What Can Real-Time Data Analytics Do for Higher Education?
Universities are improving their data analytics programs using real-time dashboards that gather and update student data profiles using multiple data points, from financial information to academic performance, to help advisers and faculty provide better support to students.
Some institutions are already experimenting with real-time data collection tools.
At the Worcester Polytechnic Institute, a team of researchers and computer science students are working on an event trends tool they call SETA (scalable event trend analytics), which can find and analyze patterns within high-volume data streams to make decisions on the fly.
These tools have incredible implications for higher education, from campus network management to fast-action security protocols to student safety and academic success.
What Is Real-Time Data Analytics?
Real-time data is information that is collected and immediately disseminated. Instead of collecting a bank of information and then processing it for analysis, the data is pushed out, cleaned and analyzed almost instantly.
Much of the time, real-time data analytics is conducted through edge computing. By analyzing as close to the data source as possible, users can reduce latency, receiving information and making subsequent decisions more quickly.
How Predictive Analytics Helps Universities Reach Their Goals
Universities use a number of data analytics models; one of the most common is to use predictive analytics modules to drive decision-making.
Predictive analytics use historical data, collected over long periods of time, to inform future choices. Universities can use predictive analytics models to help with several agendas, from improving recruitment and retention to meeting students’ needs.
Combined with real-time data analytics, predictive models can use stream processing to calculate what might happen in the future, but at a faster pace.
At the University of Central Florida, for example, administrators are collaborating with Microsoft to use predictive data analytics to understand trends in student and faculty success, university research and alumni donations.
Using data dashboards, UCF can use data points collected in real time to help students who are displaying patterns that show they are struggling academically, improve professors’ curricula and more effectively collect money for new campus initiatives and scholarships.
At the University of Alabama, the use of predictive analytics found that students who asked for copies of their transcripts might be at risk of leaving the university. Now, administrators can note when a student puts in such a request and offer academic and campus resources to encourage those students to stay.
Predictive and Prescriptive Analytics Improve with Real-Time Data
Predictive analytics has been a boon for universities; however, the process requires a data collection period that colleges may not have time for. If an institution decides to begin a predictive analytics program, what happens to the students enrolled during the project’s first year? Will their experiences be distilled down to data points used to help the next wave of students?
Real-time data analytics can be used for prescriptive as well as predictive analytics, allowing universities to collect and analyze data collected and distributed in real time using continuous assessments.
As TechRepublic reports, “Prescriptive analytics is less fortune teller and more medical doctor. Instead of simply predicting what will happen, prescriptive analysis tweaks certain variables to achieve the best possible outcome, and then prescribes that course of action.”
While predictive analytics outlines what is likely to happen in the future, prescriptive analytics show how universities can make something happen now. For example, universities can use an online program to measure a student’s engagement with a specific course. As the student’s interactions with the program progress, that data is processed and evaluated.
“Much like an advisor, the system then recommends an adjustment to the student’s learning path,” Jim Milton, CEO of Campus Management, writes for Forbes. “By collecting, aggregating and analyzing data points across students’ interactions and outcomes, the system prescribes a customized course of action for advisors or faculty that is most likely to help individual students achieve optimal results.”
While prescriptive analytics is helpful, it is best used in tandem with predictive analytics, not instead of it, according to IBM. Each offers different insights that can be useful to universities pursuing an overall goal.
MORE FROM EDTECH: See how one university used data analytics to cut failure rates in half.
Universities Use Real-Time Data Analytics for Various Wins
Real-time data processing applications have opened the door for analytics on college campuses.

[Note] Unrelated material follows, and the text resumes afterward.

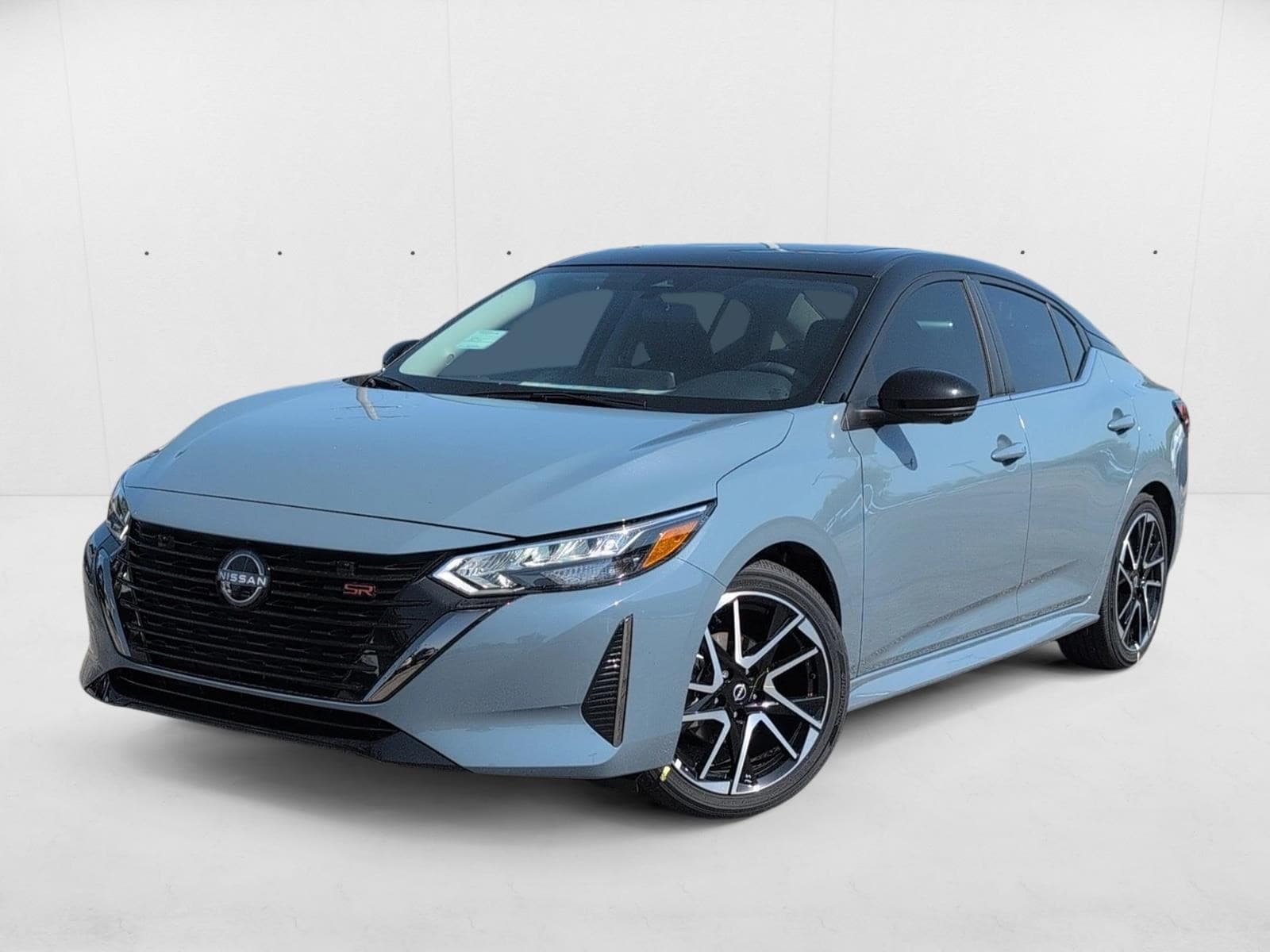 2025 Nissan Sentra SR's photo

At Dartmouth College, IT teams use real-time data collection tools to inform instructional design. Through real-time analytics applications, teams can study metrics including attrition rates, course enrollment sizes and student performance to redesign courses based on students’ needs.
“Data transparency is a better path to advancing student learning at the institutional level than coming up with shared team goals or visions,” Joshua Kim, director of digital learning at the Dartmouth Center for the Advancement of Learning, writes. “Make the data available, and let the work follow where the data leads.”
At the University of Connecticut, Splunk’s real-time analytics tools are put into the hands of students themselves, helping them monitor data collected from a local aquaponics farm.
“When we built out the aquaponics system, students had to write down data onto a notepad,” writes Jonathan Moore, MIS program director at the University of Connecticut School of Business, in a Splunk blog post. “Now, armed with a tablet, students visit each station at the farm and see augmented data dashboards of all of their required metrics in real time.”
Universities are still just scratching the surface of what’s possible with real-time data processing. As data collection tools advance and machine learning tools become more prevalent, universities can expect real-time data analytics to become a permanent fixture on campus.